Who Decides If There Is An Appeal From A Court Order Requiring Arbitration: The Parties Or The Court?

One of the first issues that can arise in a dispute is whether arbitration or court proceedings must be pursued. The issue will often arise from a motion by a defendant in the action.  The defendant will bring a motion to stay or dismiss the action on the basis that the dispute must be arbitrated.

What happens when one party wants to appeal the decision which grants the motion to stay or dismiss? Can the parties to the arbitration agreement agree beforehand that there shall, or shall not be, a right of appeal?  That was the issue that Federal Court of Appeal recently considered in Murphy v. Amway Canada Corporation.

Interestingly, the Federal Court of Appeal held that, while the applicable arbitration legislation can preclude an appeal from that decision, the parties cannot, and that the court’s own statutory powers relating to appeals apply despite what the parties have agreed to. This decision could have wider ramifications relating to the parties’ ability to limit or expand the powers of courts relating to arbitration proceedings. According to this decision, the parties may have no right to do so.

Background

Amway is in the business of distributing home, personal care, beauty and health products. It does so through individual distributors who sell the products in their homes or through other persons they recruit. Mr Murphy was an Amway representative in British Columbia.
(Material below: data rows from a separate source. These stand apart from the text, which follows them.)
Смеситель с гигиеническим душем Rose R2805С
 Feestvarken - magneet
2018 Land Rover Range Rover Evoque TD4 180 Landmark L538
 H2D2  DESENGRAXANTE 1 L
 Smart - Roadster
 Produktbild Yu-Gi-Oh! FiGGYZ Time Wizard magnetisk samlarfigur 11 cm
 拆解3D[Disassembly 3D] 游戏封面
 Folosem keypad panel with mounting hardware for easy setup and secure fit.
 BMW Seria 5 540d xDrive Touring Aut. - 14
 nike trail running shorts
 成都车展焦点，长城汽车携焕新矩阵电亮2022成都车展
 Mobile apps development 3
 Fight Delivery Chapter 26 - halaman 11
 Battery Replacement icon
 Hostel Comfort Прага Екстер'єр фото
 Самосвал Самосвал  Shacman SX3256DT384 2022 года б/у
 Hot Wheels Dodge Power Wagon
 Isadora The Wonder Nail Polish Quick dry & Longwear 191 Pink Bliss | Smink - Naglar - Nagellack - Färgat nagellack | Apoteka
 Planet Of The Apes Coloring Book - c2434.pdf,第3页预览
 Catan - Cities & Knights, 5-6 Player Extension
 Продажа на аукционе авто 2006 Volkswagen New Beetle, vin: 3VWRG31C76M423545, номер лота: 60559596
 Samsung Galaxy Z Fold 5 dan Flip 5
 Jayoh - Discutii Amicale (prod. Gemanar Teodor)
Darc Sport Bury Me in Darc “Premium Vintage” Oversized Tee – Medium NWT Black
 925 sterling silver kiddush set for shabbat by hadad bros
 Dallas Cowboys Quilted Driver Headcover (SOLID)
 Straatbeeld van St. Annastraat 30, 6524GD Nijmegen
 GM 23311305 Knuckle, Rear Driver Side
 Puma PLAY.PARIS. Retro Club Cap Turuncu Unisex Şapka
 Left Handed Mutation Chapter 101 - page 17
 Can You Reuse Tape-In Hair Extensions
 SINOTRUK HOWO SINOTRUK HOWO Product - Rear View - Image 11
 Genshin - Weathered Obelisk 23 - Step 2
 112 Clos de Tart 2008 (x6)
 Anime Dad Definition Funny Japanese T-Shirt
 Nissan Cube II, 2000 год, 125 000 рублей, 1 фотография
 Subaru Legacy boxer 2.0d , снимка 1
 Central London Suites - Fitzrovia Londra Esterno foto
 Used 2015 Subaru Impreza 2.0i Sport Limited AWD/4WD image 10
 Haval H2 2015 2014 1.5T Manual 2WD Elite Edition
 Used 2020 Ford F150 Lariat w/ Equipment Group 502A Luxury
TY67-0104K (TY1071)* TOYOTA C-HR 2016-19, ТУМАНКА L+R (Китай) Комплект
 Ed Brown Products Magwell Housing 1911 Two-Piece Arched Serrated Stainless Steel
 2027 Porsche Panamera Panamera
The agreement between Amway and Mr Murphy was called the Registration Agreement. The Registration Agreement contained a clause requiring any dispute between the parties to be arbitrated. The arbitration clause contained conflicting provisions relating to the arbitration. On the one hand it said that the Ontario Arbitration Act, 1991 was to govern the “interpretation, enforcement, and any proceedings in any federal or provincial court in Canada.”  On the other hand, it said that Michigan law applied to the arbitration and that the “United States Arbitration Act shall govern the interpretation and enforcement of the arbitration rules and the arbitration proceedings.”  The Rules of Conduct incorporated into the arbitration clause stated that the arbitration would be conducted under the procedures of JAMS (an American-based dispute resolution service) or the American Arbitration Association.

The Murphy v Amway decision:

The Murphy v. Amway decision is most famous for the ruling that a party to an arbitration agreement who asserts a claim under the Competition Act must bring the claim by way of arbitration, and cannot bring the claim in court. Accordingly, Mr. Murphy was precluded from bringing a class action asserting remedies under the Competition Act against Amway.

A judge of the Federal Court stayed Mr. Murphy’s action based upon the arbitration agreement contained in the agreement between Mr Murphy and Amway. Mr. Murphy appealed. A preliminary issue in the Federal Court of Appeal was whether Mr. Murphy had any right to appeal.

Amway argued that Mr. Murphy had no right of appeal from the decision of the Federal Court because, by virtue of the parties’ agreement, the Ontario Arbitration Act, 1991 applied. Section 7 of that Act provides for a party to an action bringing a motion to stay an action based upon an arbitration agreement. Sub-section 7(6) states that “there is no appeal from the court’s decision.”  Accordingly, Amway argued that the parties had incorporated sub-section 7(6) into their agreement and that subsection precluded Mr. Murphy from appealing.

The Federal Court of Appeal rejected Amway’s submission and held that Mr. Murphy was entitled to appeal.  It held that the Ontario Arbitration Act, 1991 did not apply to the Registration Agreement as a matter of statute law. It said: “Simply put, we are not bound by the term of that statute.” It so held presumably because the Registration Agreement related to an Amway representative located in British Columbia and a distribution agreement to be performed in British Columbia, and not agreements made in Ontario.  The Federal Court of Appeal accordingly held that the Ontario Arbitration Act, 1991 only applied by way of agreement, that is, by being incorporated into the Registration Agreement.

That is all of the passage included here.